No se entienden nada bien los nombres por megafonía, pero de segundo apellido era Andersen o algo parecido. Será extranjera, nórdica debe ser, porque su piel era blanquísima. Estará aquí sola, la pobre. Andersen... claro, puede ser descendiente de Hans Christian; y a lo mejor escribe cuentos. Esta carpeta estará llena de magníficos cuentos, seguro, tendrá su soldadito de plomo, su patito feo; cuentos que escribirá mientras apoya la carpeta en sus piernas, justo al borde de sus rodillas, sus rodillas angulosas y tiernas... Esta carpeta guarda tesoros escondidos. Me come la curiosidad, tal vez levantando un poco la goma elástica pueda ver una esquina del contenido; pero no, no debo abrirla, me aguanto y espero. Lo importante es que ya tengo la escusa perfecta. Ahora sí que estoy obligado a vencer mi timidez y abordarla cuando salga. A lo mejor ni siquiera hace falta, vendrá ella a esta esquina a por su carpeta-tesoro y le diré sonriendo que se la he custodiado muy bien. Eso haré.
“Antonio Bisquert Santiago, consulta uno”
Vaya, ese soy yo. Dicho con ese nivel de distorsión apenas se reconoce mi nombre, pero no cabe duda, me toca entrar. ¿Qué hago con la carpeta? Vaya, qué contrariedad. ¿Se la dejo a esta señora? No, puede pasar lo mismo, la llamarán para entrar en consulta. Voy a esperar, seguro que está a punto de salir. Esperaré un par de minutos, no pasa nada, que aguante el médico.

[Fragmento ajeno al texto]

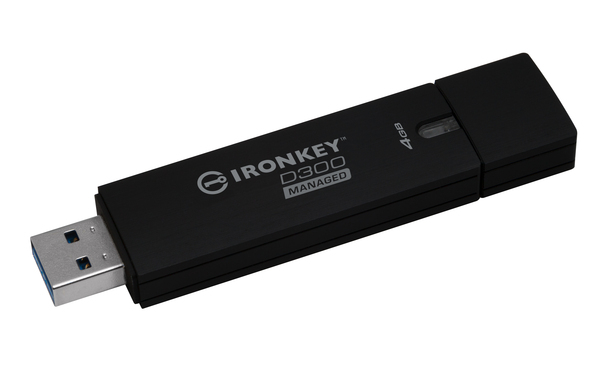 Kingston IronKey D300SM 4 GB USB 3.2 Gen 1x1 - minne, Svart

“Francisca Gómez Ramos, consulta uno”
¿Cómo que consulta uno? Me han saltado el turno. ¿Es que no esperan ni dos minutos? Son impresentables. Después de estar esperando yo hora y media resulta que ellos no pueden esperar ni dos minutos. ¿Y si hubiera ido al baño? Eso es, les diré que me había ido al baño, y que, además, no se entiende un carajo lo que dicen por los altavoces. Pero lo gestionaré luego, después de que haya salido Ana y le haya devuelto su carpeta. Está decidido, no le doy más vueltas: esperaré hasta que salga Ana. Bueno, voy a sentarme y a tranquilizarme otra vez, vaya disgusto. Menos mal que tengo esta carpeta-tesoro, es lo único que me consuela, aquí, entre mis brazos la tendré hasta que se la devuelva a su dueña.
Se abre. Se abre la puerta del número 3, ahí sale...
─Perdona... ¡Oye, perdona...!
Se vuelve. Parece contenta, todo le ha debido ir bien. Y se acerca sonriente al ver la carpeta. Me mira. Su mirada es ahora radiante. Se acerca y me regala una sonrisa cautivadora; y yo... yo no consigo articular palabra.
─Muchísimas gracias! Ni cuenta me había dado de que me la dejaba ─hace un gesto de alivio girando levemente la cabeza a un lado y al otro, pero sin dejar de centrar en mis ojos su mirada celestial. Está aún más preciosa con el cuerpo bien erguido, pletórico, con su cara iluminada. Apenas consigo balbucear un “de nada” ininteligible; ella se queda esperando dos o tres segundos a ver si consigo decirle algo más... pero no; y, sin dejar de regalarme su sonrisa, transforma moderadamente esa mirada de euforia desbordante en otra, también luminosa, pero a la que añade una pequeña dosis de comprensión, y tal vez de ánimo, hacia mí.
─Adiós. Adiós y muchísimas gracias ─abraza la carpeta mientras me lo dice; a mí no, abraza a mi carpeta-tesoro.
Las flores bordadas del filo de su vestido vuelan en círculo cuando ella se da media vuelta. Y se va. Y con ella se lleva mi carpeta-tesoro. Y con ella se van sus dos rodillas tiernas y angulosas.
Me he vuelvo a sentar. No sé por qué, pero me he vuelto a sentar, y en el mismo asiento de la esquina. La enfermera colgada en la pared sigue diciéndome ssss... todo el rato. No sé qué clase de tumor tengo o no tengo. No sé a qué espero. Soy imbécil, es lo único que sé.
─¿Son de usted estas gafas? Estaban aquí, debajo del asiento.
Ante la mirada atónita del amable señor, cojo la funda con las gafas de Ana y salgo corriendo escaleras abajo.